FIG. 2 is a schematic cross-sectional view of a display device according to an example embodiment of the present disclosure;

FIG. 3 is an enlarged plan view of a display panel of a display device according to an example embodiment of the present disclosure;

FIG. 4 is a cross-sectional view of a sub pixel of a display device according to an example embodiment of the present disclosure;

FIG. 5 is a cross-sectional view taken along V-V′ in FIG. 3;

FIG. 6 is a cross-sectional view taken along VI-VI′ in FIG. 3;

FIG. 7 is a cross-sectional view for explaining an operation of a light shutter of a display device according to an example embodiment of the present disclosure;

FIG. 8 is a graph of comparing a contrast ratio according to a viewing angle in display devices according to Comparative Example and an example embodiment of a present disclosure (Example);

FIGS. 9A and 9B are cross-sectional views of a display device according to other example embodiments of the present disclosure; and

FIGS. 10A to 10C are schematic cross-sectional views of a display device according to still other example embodiments of the present disclosure.

DETAILED DESCRIPTION

Advantages and characteristics of the present disclosure and a method of achieving the advantages and characteristics will be clear by referring to example embodiments described below in detail together with the accompanying drawings.
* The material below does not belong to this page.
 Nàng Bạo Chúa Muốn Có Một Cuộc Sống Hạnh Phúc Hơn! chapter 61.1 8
However, the present disclosure is not limited to the example embodiments disclosed herein but can be implemented in various other forms. The example embodiments are provided by way of example only so that those skilled in the art can fully understand the disclosures of the present disclosure and the scope of the present disclosure.
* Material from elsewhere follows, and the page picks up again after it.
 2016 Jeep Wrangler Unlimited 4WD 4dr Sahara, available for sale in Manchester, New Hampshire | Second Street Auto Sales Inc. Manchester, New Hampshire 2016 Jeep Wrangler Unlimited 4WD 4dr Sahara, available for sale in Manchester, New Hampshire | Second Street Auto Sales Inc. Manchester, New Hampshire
The shapes, sizes, ratios, angles, numbers, and the like illustrated in the accompanying drawings for describing the example embodiments of the present disclosure are merely examples, and the present disclosure is not limited thereto. Like reference numerals generally denote like elements throughout the specification. Further, in the following description of the present disclosure, a detailed explanation of known related technologies may be omitted to avoid unnecessarily obscuring the subject matter of the present disclosure. The terms such as ‘including’, ‘having’, ‘consist of’ used herein are generally intended to allow other components to be added unless the terms are used with a more limiting term like ‘only’. Any references to singular may include plural, and vice versa, unless expressly stated otherwise.

Components are interpreted to include an ordinary error range even if not expressly stated.

Where the position relation between two parts is described using the terms such as ‘on’, ‘above’, ‘below’, ‘next’, one or more parts may be positioned between the two parts unless the terms are used with a more limiting term like ‘immediately’ or ‘directly’.

Where an element or layer is disposed “on” another element or layer, another layer or another element may be interposed directly on the other element or therebetween.

Although the terms “first”, “second”, and the like may be used for describing various components, these components are not confined by these terms. These terms are merely used for referring to one component separately from the other components. Therefore, a first component to be mentioned below may be a second component, and vice versa, in a technical concept of the present disclosure.

Like reference numerals generally denote like elements throughout the specification unless otherwise specified.

A size and a thickness of each component illustrated in the drawing are illustrated for convenience of description, and the present disclosure is not limited to the size and the thickness of the component illustrated.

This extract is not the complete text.